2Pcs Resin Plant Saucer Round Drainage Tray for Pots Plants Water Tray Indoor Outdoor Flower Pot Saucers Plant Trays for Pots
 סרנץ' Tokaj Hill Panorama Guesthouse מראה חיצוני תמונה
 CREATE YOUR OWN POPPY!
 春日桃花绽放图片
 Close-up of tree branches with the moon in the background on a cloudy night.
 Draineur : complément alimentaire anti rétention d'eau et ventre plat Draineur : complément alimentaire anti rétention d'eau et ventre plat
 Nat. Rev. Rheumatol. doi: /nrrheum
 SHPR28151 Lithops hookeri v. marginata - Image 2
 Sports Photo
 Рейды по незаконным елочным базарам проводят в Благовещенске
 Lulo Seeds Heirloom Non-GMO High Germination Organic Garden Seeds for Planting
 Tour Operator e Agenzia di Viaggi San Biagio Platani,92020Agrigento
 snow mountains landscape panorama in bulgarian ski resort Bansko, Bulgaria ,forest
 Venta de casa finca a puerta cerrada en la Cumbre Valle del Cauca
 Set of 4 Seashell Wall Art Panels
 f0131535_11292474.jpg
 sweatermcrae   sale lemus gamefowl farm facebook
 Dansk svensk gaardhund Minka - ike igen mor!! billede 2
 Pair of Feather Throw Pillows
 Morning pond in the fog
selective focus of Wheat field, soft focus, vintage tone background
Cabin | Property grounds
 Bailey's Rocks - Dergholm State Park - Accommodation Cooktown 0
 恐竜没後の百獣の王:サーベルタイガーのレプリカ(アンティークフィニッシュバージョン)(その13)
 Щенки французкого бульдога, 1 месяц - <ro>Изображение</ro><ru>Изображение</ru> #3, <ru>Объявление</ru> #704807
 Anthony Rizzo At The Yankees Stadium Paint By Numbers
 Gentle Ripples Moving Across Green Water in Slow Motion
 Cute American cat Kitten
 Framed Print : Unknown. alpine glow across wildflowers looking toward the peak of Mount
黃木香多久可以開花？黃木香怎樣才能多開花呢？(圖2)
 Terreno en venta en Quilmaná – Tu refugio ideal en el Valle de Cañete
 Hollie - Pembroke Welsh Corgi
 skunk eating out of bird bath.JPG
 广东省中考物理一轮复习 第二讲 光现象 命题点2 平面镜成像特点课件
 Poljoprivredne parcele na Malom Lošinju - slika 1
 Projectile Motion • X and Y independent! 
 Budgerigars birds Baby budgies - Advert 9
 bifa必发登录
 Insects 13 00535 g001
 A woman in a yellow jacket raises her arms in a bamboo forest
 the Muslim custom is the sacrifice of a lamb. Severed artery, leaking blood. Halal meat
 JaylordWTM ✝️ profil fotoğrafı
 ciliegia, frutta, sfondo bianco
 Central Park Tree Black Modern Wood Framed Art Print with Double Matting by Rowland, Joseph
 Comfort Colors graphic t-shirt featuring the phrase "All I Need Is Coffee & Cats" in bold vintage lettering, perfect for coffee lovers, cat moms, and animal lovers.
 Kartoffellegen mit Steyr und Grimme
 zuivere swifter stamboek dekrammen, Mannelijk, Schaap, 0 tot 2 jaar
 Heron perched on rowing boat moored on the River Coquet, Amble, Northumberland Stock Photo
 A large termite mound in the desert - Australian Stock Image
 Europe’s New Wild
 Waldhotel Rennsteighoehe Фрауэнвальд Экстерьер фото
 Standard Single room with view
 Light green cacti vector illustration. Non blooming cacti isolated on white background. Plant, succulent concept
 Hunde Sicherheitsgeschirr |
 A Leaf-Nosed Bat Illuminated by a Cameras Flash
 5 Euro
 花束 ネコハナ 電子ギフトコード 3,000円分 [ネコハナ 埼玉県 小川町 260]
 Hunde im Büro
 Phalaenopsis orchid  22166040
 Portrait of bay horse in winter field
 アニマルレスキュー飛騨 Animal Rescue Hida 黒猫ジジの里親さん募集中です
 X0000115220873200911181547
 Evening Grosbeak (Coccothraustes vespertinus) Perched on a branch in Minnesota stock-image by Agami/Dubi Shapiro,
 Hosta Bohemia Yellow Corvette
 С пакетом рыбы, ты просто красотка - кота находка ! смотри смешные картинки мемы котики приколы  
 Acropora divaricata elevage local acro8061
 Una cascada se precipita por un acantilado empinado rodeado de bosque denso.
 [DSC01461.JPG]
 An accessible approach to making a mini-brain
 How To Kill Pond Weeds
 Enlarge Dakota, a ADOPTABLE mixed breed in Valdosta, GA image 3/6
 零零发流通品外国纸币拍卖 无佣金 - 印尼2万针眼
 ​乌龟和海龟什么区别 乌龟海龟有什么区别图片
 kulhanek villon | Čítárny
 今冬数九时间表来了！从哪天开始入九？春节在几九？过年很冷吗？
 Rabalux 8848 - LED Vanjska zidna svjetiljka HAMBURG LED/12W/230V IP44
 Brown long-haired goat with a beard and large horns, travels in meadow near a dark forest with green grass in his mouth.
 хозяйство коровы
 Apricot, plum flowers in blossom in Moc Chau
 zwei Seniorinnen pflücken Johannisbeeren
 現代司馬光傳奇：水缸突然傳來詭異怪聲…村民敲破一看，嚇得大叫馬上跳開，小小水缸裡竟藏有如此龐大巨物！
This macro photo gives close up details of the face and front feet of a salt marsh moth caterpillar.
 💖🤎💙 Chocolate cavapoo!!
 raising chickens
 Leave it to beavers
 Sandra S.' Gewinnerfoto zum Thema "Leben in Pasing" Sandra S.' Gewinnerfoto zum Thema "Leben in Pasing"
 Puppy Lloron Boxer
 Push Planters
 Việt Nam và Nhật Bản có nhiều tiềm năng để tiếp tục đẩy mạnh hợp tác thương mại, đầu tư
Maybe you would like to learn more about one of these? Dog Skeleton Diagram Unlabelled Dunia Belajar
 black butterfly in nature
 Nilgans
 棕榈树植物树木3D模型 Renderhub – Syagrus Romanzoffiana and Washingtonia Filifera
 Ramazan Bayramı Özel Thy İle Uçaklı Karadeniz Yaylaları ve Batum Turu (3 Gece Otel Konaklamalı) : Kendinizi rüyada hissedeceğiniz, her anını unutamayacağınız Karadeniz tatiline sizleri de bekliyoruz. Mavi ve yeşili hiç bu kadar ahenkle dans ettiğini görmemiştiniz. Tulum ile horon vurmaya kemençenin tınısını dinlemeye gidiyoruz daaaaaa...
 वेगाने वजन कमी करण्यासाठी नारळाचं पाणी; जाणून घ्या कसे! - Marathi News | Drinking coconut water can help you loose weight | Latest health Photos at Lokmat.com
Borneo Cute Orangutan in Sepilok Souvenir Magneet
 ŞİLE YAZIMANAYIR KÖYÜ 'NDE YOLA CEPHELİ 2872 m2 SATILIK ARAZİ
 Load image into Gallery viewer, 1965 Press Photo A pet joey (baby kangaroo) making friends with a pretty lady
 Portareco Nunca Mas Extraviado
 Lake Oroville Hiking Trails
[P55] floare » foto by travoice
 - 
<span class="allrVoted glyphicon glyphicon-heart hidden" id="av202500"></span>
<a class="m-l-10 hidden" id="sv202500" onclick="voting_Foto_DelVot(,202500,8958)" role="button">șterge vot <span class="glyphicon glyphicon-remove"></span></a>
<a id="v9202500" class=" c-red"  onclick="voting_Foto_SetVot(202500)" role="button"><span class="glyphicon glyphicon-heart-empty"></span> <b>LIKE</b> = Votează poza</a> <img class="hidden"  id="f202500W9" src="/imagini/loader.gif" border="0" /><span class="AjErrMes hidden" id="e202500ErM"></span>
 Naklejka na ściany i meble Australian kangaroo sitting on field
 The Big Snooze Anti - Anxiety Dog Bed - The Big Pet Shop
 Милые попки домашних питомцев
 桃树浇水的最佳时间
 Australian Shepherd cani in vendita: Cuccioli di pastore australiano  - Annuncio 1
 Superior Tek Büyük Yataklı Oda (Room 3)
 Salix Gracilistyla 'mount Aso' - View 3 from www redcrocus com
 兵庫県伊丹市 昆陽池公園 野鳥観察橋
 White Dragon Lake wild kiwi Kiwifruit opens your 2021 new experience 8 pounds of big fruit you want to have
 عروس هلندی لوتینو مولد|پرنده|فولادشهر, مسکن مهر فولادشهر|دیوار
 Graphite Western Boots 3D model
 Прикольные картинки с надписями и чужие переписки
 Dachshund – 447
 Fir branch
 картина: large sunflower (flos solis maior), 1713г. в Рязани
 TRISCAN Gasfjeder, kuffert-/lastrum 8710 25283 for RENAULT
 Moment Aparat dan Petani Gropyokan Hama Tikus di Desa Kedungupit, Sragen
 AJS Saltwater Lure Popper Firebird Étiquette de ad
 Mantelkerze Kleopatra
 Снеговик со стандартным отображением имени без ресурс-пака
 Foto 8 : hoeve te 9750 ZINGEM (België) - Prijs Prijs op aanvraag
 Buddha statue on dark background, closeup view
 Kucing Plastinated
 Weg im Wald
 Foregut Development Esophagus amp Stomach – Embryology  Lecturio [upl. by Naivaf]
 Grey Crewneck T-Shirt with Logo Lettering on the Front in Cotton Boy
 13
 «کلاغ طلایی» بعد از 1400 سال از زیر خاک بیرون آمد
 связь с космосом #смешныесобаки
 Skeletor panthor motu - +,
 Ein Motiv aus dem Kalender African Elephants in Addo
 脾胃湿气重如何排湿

+-------+

== WORK INSTRUCTION ==
Copy every line of the material in which the word "Hunde" occurs.

== ANSWER BOX ==
 Hunde Sicherheitsgeschirr |
 Hunde im Büro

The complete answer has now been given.